The setting of the measurement time interval 890 is not limited thereto. If a state in which the output temperature is determined as normal or the measurement state is in the steady state continues, the measurement time interval 890 may be gradually increased up to a predetermined maximum time interval. Alternatively, if the determined result of the output temperature varies from normal to anomalous, the measurement time interval 890 may be switched to a predetermined minimum time interval, and if the determined result remains anomalous, the measurement time interval 890 may be gradually increase up to a predetermined anomalous time interval. Also, a configuration is possible in which the measurement time interval is set to a minimum time interval at the start of measurement, and during the unsteady state, the measurement time interval is gradually increased according to the length of time during which an unsteady state continues, up to a predetermined unsteady state regular time interval.
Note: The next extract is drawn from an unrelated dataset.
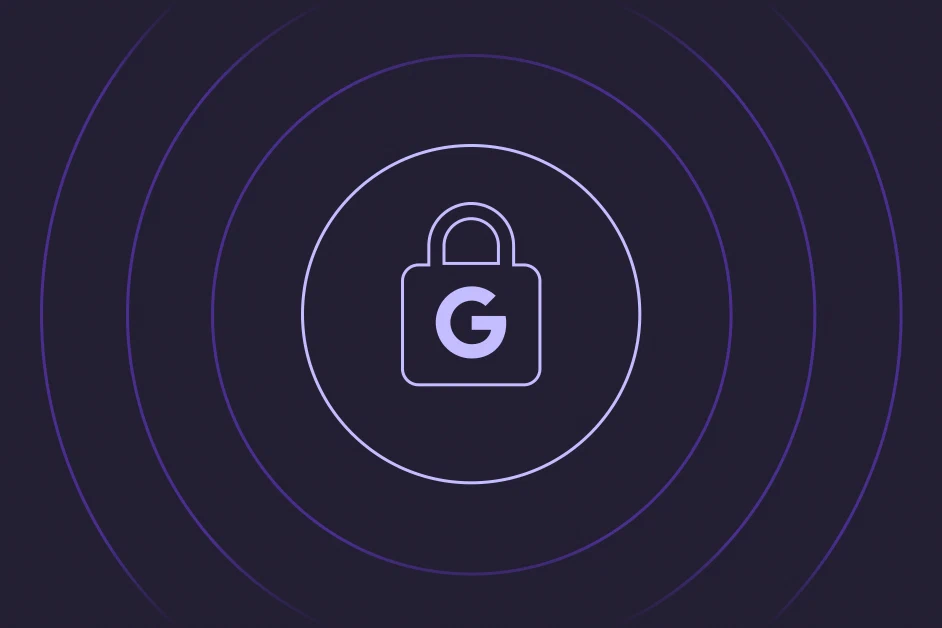 Pulumi Cloud Now Supports Google Sign-In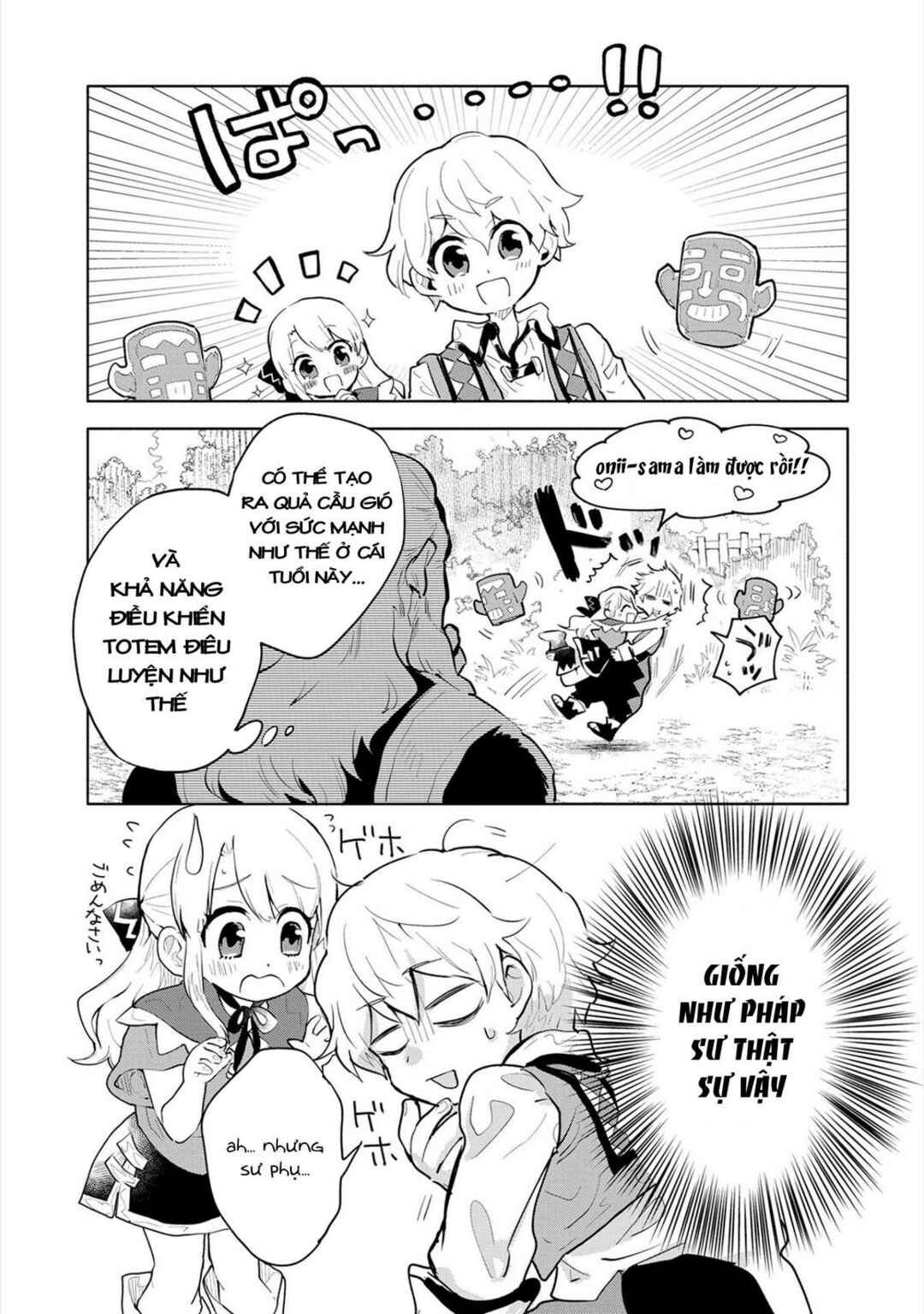 Chapter 1 - Page 40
Increasing the time interval results in less power consumption.

2-2. Procedure of Temperature Measurement Processing

FIG. 7 is a flowchart illustrating a procedure of temperature measurement processing executed by the computation processing unit 300 in accordance with the temperature measurement program 810 stored in the storage unit 800.

First, the computation processing unit 300 makes initial settings (step A1). Here, a heat balance relative coefficient 840 is set. The value of the heat balance relative coefficient 840 may be set through an input operation of the operation unit 400. Alternatively, it is also possible to set a heat balance relative coefficient 840 determined by the computation processing unit 300 by using input of a correct temperature at the measurement area measured with another temperature measurement device and the detected temperatures obtained from the first temperature sensor 11 and the second temperature sensor 12. In the case of the latter, the heat balance relative coefficient 840 can be calculated according to Equation (16) given above.
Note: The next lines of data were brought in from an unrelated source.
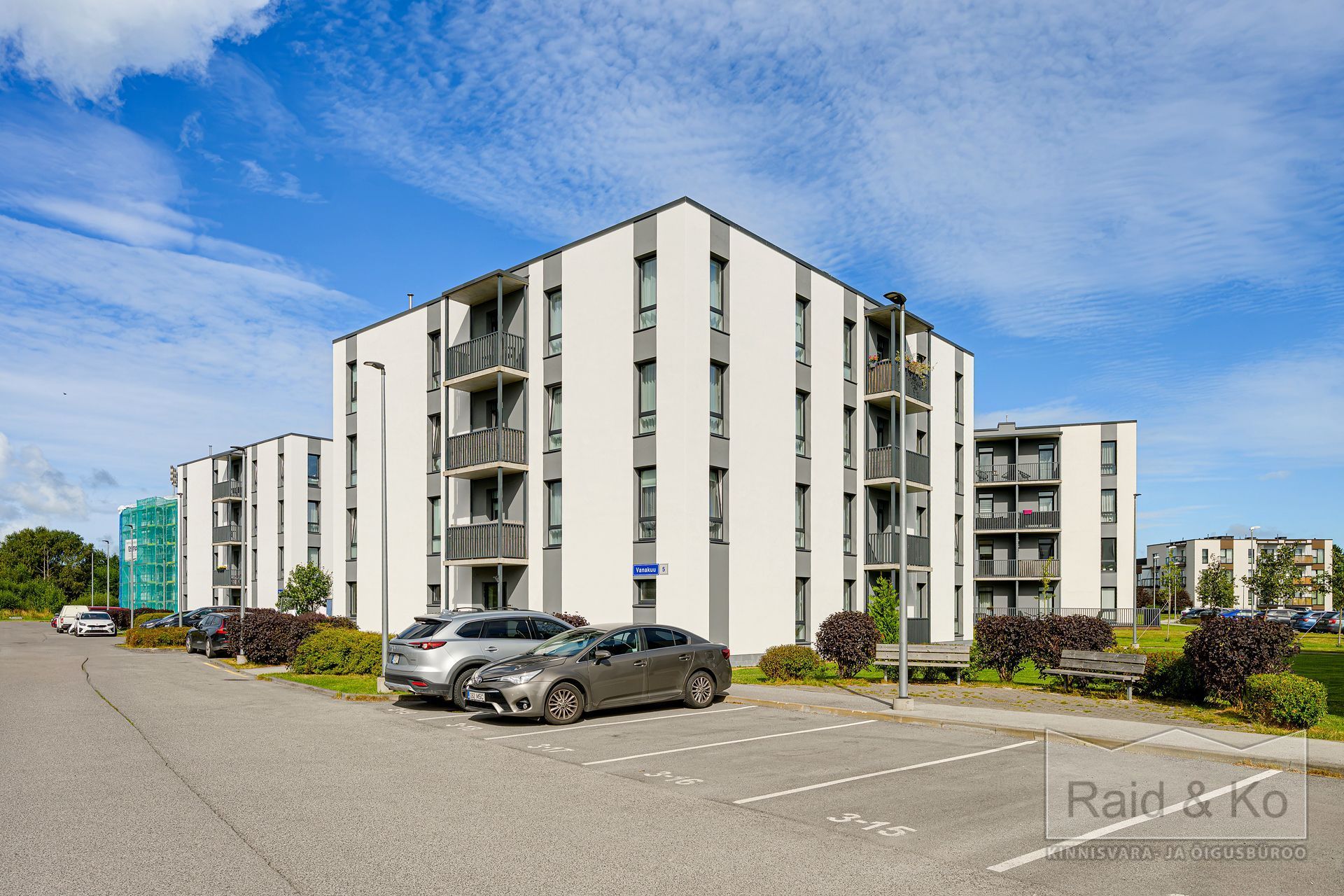 6a8d55e6650f421ad3c37518ec29a73aca31629237ae4.jpg Harju maakond, Tallinn, Haabersti linnaosa, Kakumäe, Vanakuu 5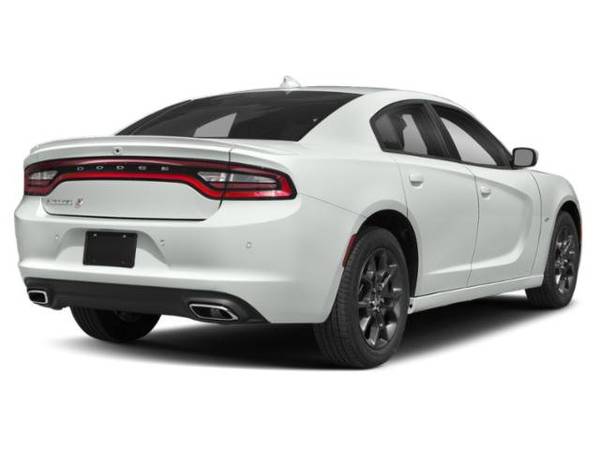 2018 Dodge Charger Gt for sale in Burnsville, MN – photo 4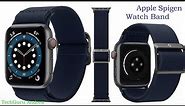 Spigen Apple Watch Band All Series
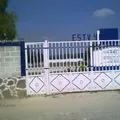 Telesecundaria Num. 418.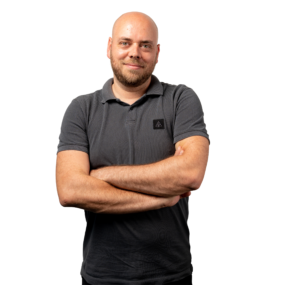 Geert-Jan
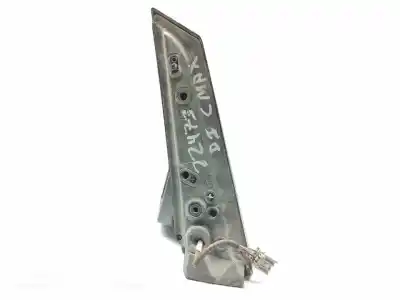 Автозапчасти б/у левое зеркало за ford focus c-max (cap) connection ссылки oem iam 1524493  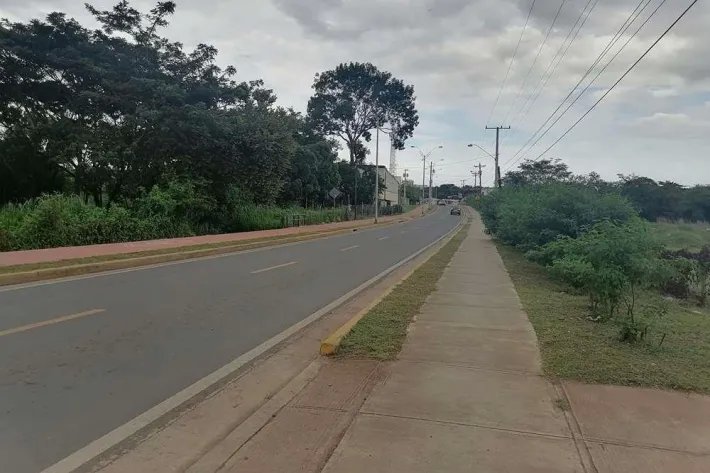 Se vende terreno en Chitré, Herrera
An estimation constant 850 is also set when the initial settings are made.

Next, the temperature calculation unit 320 receives input of temperature detection signals from the base portion 100 so as to acquire the detected temperature of each temperature sensor, and stores the detected temperatures in the storage unit 800. At the same time, the temperature calculation unit 320 calculates the temperature at the measurement area by using the acquired detected temperatures and the heat balance relative coefficient 840 (step A3). The temperature estimation unit 340 estimates the temperature at the measurement area by using the calculated temperature calculated by the temperature calculation unit 320 at the previous measurement timing and the calculated temperature calculated by the temperature calculation unit 320 at the current measurement timing (step A3). The resulting estimated temperature is determined as a result of measurement performed at the current measurement timing, and then stored in the storage unit 800 as the output temperature. The calculated temperature obtained during the process of obtaining the output temperature is also stored in the storage unit 800 in association with the time when the measurement was taken.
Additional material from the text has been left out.